Exercise requirements | Go to the line in the entries below that holds "this 1389×868 image." and repeat exactly from there through the line that holds "this 951×634 image.", inclusive.

Information provided |
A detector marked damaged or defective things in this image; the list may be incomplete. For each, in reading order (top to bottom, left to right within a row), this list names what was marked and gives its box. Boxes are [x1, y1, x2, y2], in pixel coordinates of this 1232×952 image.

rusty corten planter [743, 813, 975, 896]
---
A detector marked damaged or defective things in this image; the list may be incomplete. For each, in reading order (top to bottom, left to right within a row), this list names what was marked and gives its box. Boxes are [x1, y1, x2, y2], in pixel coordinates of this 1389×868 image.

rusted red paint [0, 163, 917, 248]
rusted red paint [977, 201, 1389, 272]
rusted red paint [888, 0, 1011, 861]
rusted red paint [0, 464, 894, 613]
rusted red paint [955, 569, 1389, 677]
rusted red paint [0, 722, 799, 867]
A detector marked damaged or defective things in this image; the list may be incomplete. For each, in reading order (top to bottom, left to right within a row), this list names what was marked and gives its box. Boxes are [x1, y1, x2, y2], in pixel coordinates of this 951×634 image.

Problem solution |
A detector marked damaged or defective things in this image; the list may be incomplete. For each, in reading order (top to bottom, left to right within a row), this list names what was marked and gives its box. Boxes are [x1, y1, x2, y2], in pixel coordinates of this 1389×868 image.

rusted red paint [0, 163, 917, 248]
rusted red paint [977, 201, 1389, 272]
rusted red paint [888, 0, 1011, 861]
rusted red paint [0, 464, 894, 613]
rusted red paint [955, 569, 1389, 677]
rusted red paint [0, 722, 799, 867]
A detector marked damaged or defective things in this image; the list may be incomplete. For each, in reading order (top to bottom, left to right within a row), this list names what was marked and gives its box. Boxes are [x1, y1, x2, y2], in pixel coordinates of this 951×634 image.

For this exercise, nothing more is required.